Problem
Using the data below, return the stretch from the line that contains "Billetera Cartera Porta" through the line that contains "Комбинированные перила на", both included, exactly as it stands and nothing beyond it.

Listed records

============================================================

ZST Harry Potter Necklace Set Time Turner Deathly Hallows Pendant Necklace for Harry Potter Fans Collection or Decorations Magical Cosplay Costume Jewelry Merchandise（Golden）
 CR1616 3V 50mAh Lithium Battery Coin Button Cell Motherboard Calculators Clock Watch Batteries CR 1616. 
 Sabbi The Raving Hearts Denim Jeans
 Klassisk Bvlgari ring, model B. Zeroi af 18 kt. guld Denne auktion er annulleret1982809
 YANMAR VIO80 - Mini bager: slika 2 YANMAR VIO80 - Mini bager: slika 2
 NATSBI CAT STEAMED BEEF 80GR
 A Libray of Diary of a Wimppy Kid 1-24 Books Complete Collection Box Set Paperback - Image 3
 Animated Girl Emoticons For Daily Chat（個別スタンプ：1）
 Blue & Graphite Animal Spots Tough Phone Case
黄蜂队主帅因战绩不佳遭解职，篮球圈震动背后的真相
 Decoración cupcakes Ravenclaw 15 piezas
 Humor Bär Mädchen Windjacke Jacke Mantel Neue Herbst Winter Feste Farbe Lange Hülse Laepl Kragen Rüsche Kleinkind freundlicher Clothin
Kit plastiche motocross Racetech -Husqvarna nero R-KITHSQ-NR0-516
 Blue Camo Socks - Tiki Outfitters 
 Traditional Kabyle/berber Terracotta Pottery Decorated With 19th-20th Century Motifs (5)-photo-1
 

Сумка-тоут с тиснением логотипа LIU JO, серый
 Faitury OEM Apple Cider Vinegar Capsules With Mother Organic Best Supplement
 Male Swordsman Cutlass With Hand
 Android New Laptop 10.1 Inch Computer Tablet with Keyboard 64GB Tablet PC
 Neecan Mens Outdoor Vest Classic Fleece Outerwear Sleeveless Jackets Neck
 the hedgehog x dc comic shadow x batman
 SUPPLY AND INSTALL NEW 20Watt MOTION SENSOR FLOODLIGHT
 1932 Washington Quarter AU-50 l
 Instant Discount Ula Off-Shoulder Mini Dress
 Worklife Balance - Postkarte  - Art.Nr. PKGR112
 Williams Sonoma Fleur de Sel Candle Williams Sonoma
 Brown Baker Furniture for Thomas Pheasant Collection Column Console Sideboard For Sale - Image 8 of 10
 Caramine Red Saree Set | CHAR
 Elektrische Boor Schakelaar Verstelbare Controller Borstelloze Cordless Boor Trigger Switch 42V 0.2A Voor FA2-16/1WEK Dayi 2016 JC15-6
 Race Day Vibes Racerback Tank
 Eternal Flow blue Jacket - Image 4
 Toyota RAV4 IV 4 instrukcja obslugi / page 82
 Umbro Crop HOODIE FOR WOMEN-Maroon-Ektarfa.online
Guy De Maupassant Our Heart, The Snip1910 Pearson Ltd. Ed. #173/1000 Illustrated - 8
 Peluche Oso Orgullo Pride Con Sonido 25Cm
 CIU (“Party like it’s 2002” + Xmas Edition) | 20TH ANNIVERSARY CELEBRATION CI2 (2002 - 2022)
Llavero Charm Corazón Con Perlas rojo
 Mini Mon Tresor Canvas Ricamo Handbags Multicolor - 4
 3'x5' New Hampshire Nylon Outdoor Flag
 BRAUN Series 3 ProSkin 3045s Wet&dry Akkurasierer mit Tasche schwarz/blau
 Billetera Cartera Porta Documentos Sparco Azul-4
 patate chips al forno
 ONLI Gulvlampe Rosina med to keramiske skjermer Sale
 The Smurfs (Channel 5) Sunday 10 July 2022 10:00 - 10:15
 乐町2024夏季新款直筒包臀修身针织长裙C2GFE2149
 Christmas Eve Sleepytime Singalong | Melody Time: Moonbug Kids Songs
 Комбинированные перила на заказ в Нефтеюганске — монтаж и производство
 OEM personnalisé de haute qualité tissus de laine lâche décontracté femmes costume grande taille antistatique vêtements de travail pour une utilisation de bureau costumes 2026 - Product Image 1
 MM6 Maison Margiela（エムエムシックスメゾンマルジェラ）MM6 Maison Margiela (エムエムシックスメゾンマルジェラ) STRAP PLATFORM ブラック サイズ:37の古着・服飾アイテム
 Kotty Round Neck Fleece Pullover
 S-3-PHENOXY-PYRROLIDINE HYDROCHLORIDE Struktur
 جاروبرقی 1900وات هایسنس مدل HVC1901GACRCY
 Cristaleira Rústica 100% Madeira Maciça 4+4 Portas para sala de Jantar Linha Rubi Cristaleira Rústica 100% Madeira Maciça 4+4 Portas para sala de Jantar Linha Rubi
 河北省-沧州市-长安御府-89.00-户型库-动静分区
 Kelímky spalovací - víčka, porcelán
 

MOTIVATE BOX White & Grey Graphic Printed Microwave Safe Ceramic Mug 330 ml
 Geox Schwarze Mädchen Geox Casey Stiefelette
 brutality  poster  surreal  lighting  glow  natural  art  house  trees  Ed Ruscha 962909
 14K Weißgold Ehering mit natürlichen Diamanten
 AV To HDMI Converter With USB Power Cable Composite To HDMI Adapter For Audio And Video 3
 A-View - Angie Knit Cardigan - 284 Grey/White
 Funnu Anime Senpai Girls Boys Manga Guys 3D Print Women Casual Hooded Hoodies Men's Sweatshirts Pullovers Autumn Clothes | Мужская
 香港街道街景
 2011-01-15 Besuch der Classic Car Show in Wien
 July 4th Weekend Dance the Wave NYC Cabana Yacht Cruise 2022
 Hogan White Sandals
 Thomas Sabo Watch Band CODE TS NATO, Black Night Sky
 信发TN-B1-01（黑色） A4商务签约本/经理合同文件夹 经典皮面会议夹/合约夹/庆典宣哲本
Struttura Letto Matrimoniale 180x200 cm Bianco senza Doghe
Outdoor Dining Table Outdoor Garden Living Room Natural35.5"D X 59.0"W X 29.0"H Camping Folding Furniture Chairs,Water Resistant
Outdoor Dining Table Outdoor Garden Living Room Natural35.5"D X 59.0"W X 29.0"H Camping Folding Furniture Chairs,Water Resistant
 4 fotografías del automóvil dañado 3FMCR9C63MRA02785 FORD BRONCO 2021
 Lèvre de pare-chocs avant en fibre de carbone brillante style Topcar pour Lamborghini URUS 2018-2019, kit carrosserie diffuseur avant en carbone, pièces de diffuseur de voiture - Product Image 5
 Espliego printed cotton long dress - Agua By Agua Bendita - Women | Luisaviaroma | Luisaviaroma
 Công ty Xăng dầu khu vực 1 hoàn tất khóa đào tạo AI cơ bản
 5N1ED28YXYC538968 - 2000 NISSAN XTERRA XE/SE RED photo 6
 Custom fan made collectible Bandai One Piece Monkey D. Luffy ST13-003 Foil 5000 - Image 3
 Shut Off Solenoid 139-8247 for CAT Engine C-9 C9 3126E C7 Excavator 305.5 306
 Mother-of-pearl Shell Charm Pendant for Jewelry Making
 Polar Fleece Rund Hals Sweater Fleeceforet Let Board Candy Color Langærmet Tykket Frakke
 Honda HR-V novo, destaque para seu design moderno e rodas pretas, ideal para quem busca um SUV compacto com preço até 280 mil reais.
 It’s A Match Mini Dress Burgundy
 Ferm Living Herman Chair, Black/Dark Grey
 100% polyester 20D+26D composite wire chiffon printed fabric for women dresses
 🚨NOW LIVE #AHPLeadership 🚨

============================================================

Reply
 Billetera Cartera Porta Documentos Sparco Azul-4
 patate chips al forno
 ONLI Gulvlampe Rosina med to keramiske skjermer Sale
 The Smurfs (Channel 5) Sunday 10 July 2022 10:00 - 10:15
 乐町2024夏季新款直筒包臀修身针织长裙C2GFE2149
 Christmas Eve Sleepytime Singalong | Melody Time: Moonbug Kids Songs
 Комбинированные перила на заказ в Нефтеюганске — монтаж и производство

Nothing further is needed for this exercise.